Co sprawia, że dla niektórych osób kolejny obcy język nie stanowi żadnego wyzwania? Na temat hiperpoliglotów wciąż krąży więcej anegdot niż rzetelnych informacji pochodzących z badań neurologicznych czy psychologicznych (które ze względu na dość ograniczoną liczebnie próbę osób badanych trudno byłoby zresztą przeprowadzić…), więc odpowiedzi na to pytanie szukać trzeba na pograniczu wiedzy naukowej i biograficznych opowieści.

Nowy język w dziewięć tygodni
Pierwszym tropem, który intuicyjnie przychodzi do głowy osobie poszukującej odpowiedzi na pytanie, skąd się biorą niezwykłe zdolności językowe u hiperpoliglotów, jest ponadprzeciętna sprawność pamięci i szybkość uczenia się. W pamiętnikach Otto von Hentiga, młodego niemieckiego dyplomaty, który przebywał na chińskim dworze cesarskim równolegle z Krebbsem, przeczytać możemy, że któregoś ranka przy śniadaniu w pałacu usłyszał on, jak nowoprzybyła para współbiesiadników mówi nieznanym mu językiem. „Ormiański!” zdiagnozował po dłuższym przysłuchiwaniu się i nie mogąc znieść myśli, że ktoś w otoczeniu mówi nieznanym mu językiem, natychmiast zamówił książki do nauki ormiańskiego.
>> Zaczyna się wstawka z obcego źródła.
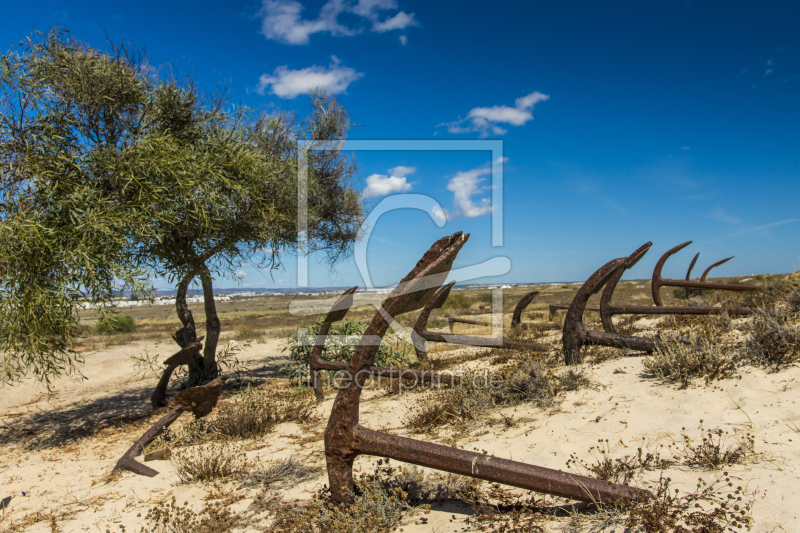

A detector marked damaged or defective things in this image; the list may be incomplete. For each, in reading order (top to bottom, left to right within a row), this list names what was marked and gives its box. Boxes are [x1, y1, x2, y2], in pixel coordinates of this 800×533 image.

rusty anchor [114, 374, 227, 474]
rusty metal surface [152, 340, 205, 408]
rusty metal surface [173, 374, 227, 416]
rusty anchor [308, 286, 460, 400]
rusty anchor [410, 280, 552, 360]
rusty metal surface [412, 282, 552, 354]
rusty anchor [322, 232, 648, 502]
rusty metal surface [322, 234, 648, 508]
rusty metal surface [564, 242, 664, 364]
rusty anchor [564, 242, 676, 364]
rusty metal surface [596, 246, 752, 332]
rusty anchor [600, 244, 756, 332]
rusty metal surface [648, 240, 756, 304]
rusty anchor [648, 242, 756, 306]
W dwa tygodnie opanował ormiańską gramatykę, w trzy kolejne – staroormiański, a po upływie następnych czterech tygodni mógł już z Ormianami płynnie konwersować, wspomina von Hentig.
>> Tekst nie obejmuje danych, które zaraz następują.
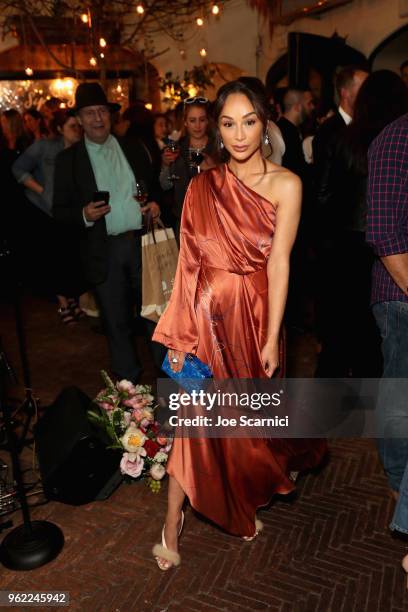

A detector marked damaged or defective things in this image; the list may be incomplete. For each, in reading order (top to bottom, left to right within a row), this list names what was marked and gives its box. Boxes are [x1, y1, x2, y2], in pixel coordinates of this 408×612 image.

Wcześniej już wspomniany Ken Hale z MIT sam nie lubił opowiadać o tym, jak (nie)wiele czasu zajmuje mu nauczenie się nowego języka, ale jego koledzy do dziś wspominają, jak podróżując na konferencję w Helsinkach Hale wsiadł do samolotu z zakupioną właśnie fińską gramatyką, studiował ją w czasie lotu, a po przybyciu na miejsce płynnie porozumiewał się po fińsku.

Niekoniecznie wysoka inteligencja ogólna
Peter Skehan, jezykoznawca z Chińskiego Uniwersytetu w Hong Kongu, potwierdza, że hiperpoligloci rzeczywiście mają zdolność do bardzo szybkiego zapamiętywania dużych porcji materiału – ale na ogół tylko językowego. Są więc w stanie przyswoić wiele nowych słów, spotkawszy się z nimi tylko raz, albo po krótkiej rozmowie bezbłędnie zapamiętać i odtworzyć intonację właściwą językowi rozmówcy, ale jeśli poprosić ich o nauczenie się materiału o innym charakterze (na przykład szeregów cyfr czy sekwencji obrazów), ich wyniki nie będą się szczególnie różniły od wyników osób mówiących jednym czy dwoma językami, podobnie zresztą, jak wyniki w testach inteligencji ogólnej. Wydaje się więc, że pamięciowy talent hiperpoliglotów jest specyficzny i niekoniecznie przenosi się na inne obszary.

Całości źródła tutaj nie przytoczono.